§ **WORK REQUEST**:
Retype every line from the one containing "Isla de Benalmádena" through the last line of the records below, both included; leave out the pictures.

↓

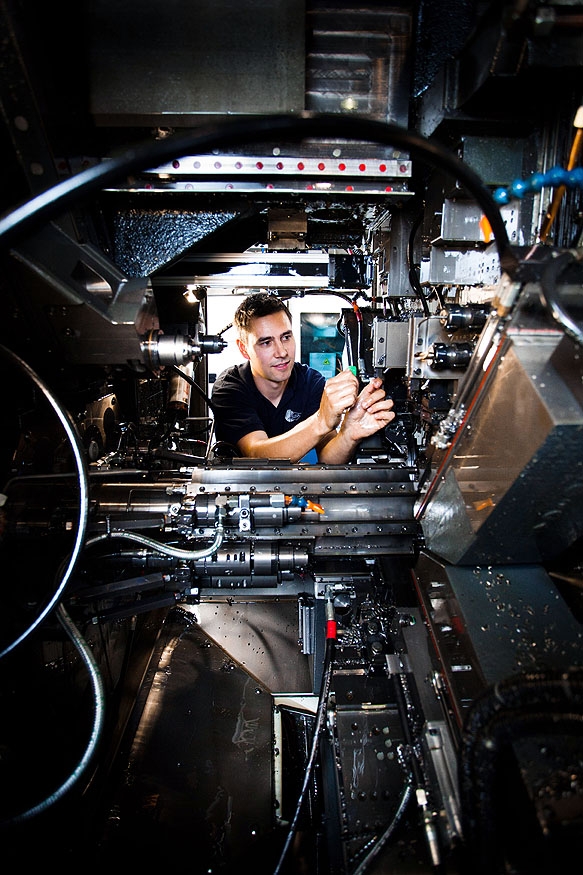 Marco Müller, Mitarbeiter der Susa Automatendreherei Heidenau, wechselt das Schneidwerkzeug an einer Mehrspindeldrehmaschine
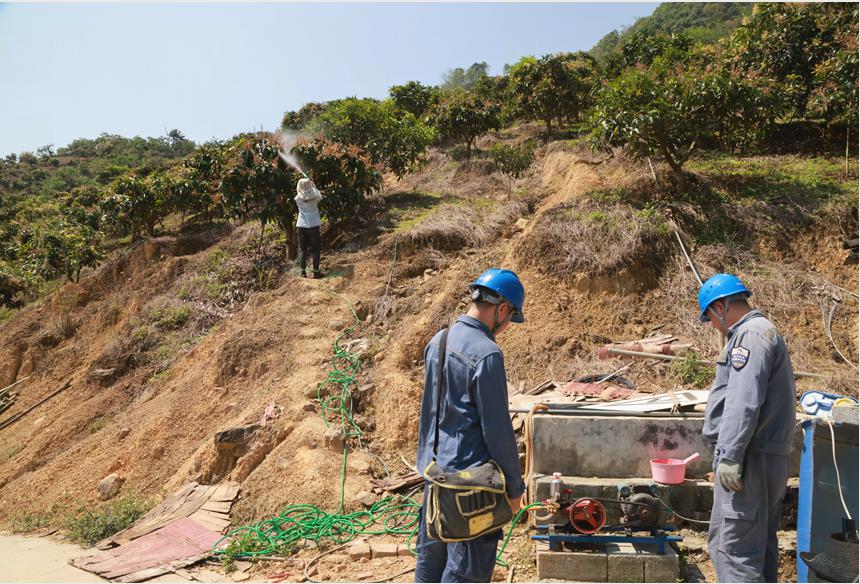工作人員檢查果農(nóng)澆灌用電設(shè)備。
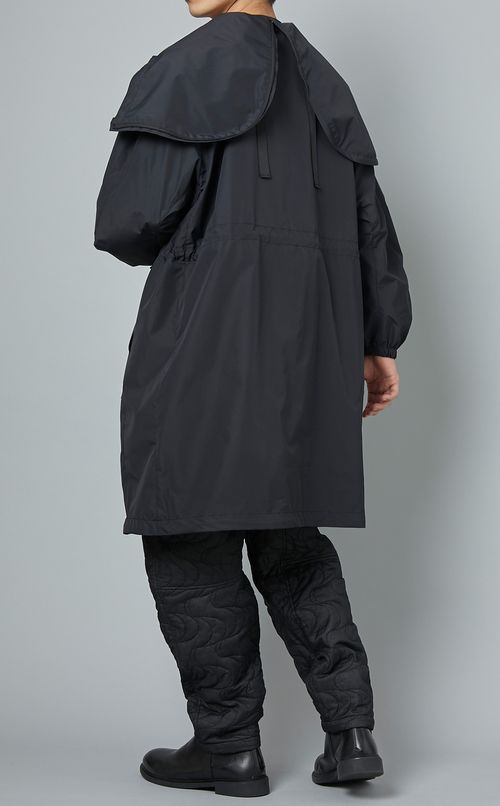 ゴアテックスフーデッドコート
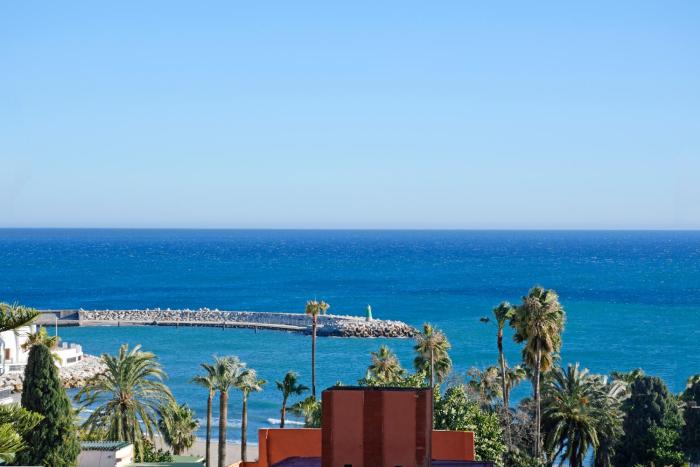 Isla de Benalmádena 2, 80m from the sea, Amazing View,AC, BBQ,Private Parking
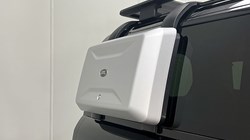 2023 (23) LAND ROVER DEFENDER 3.0 D250 X-Dynamic SE 90 3dr Auto 4796008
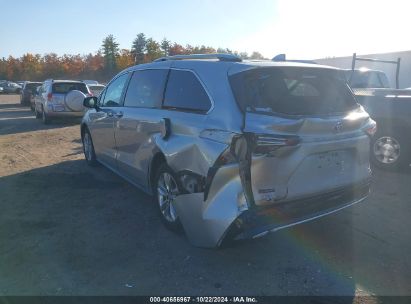 Lot #3007841823 2022 TOYOTA SIENNA LIMITED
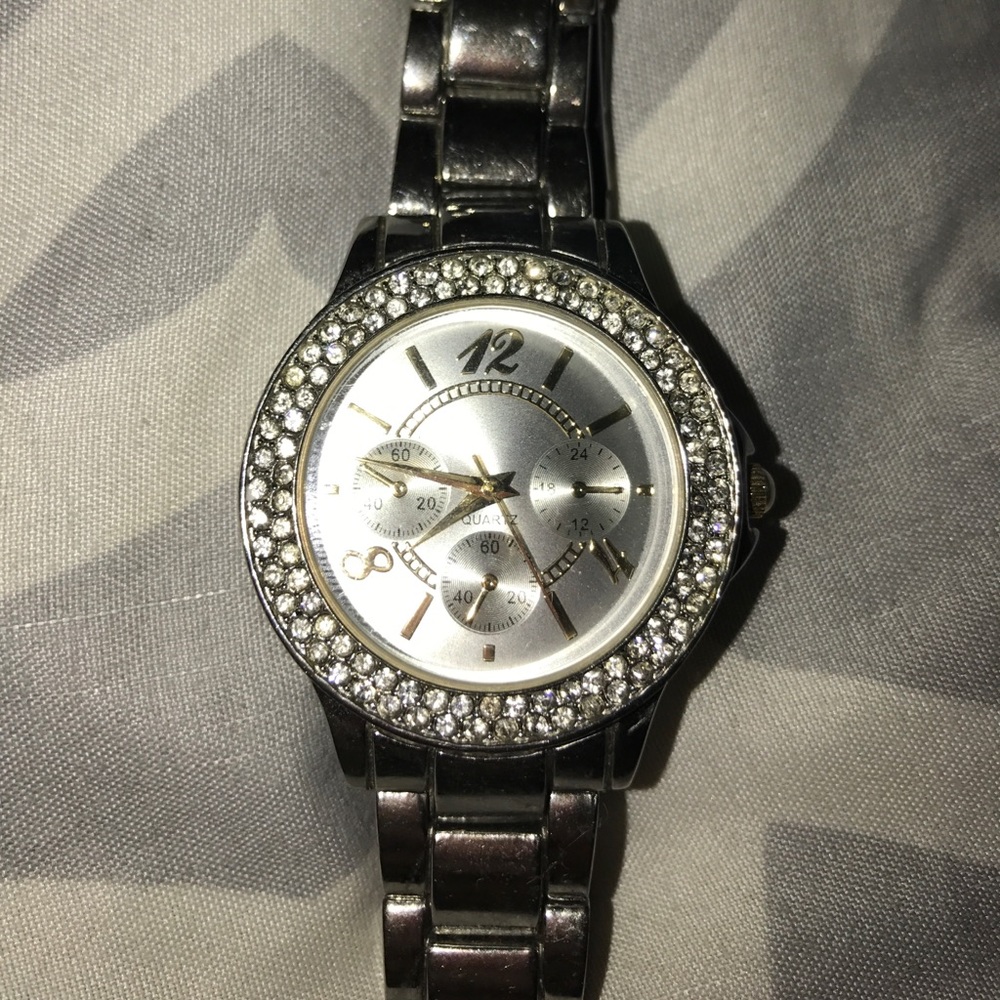 QUARTZ WATCH ⌚️!!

↑

§ **FINISHED TASK**:
 Isla de Benalmádena 2, 80m from the sea, Amazing View,AC, BBQ,Private Parking
 2023 (23) LAND ROVER DEFENDER 3.0 D250 X-Dynamic SE 90 3dr Auto 4796008
 Lot #3007841823 2022 TOYOTA SIENNA LIMITED
 QUARTZ WATCH ⌚️!!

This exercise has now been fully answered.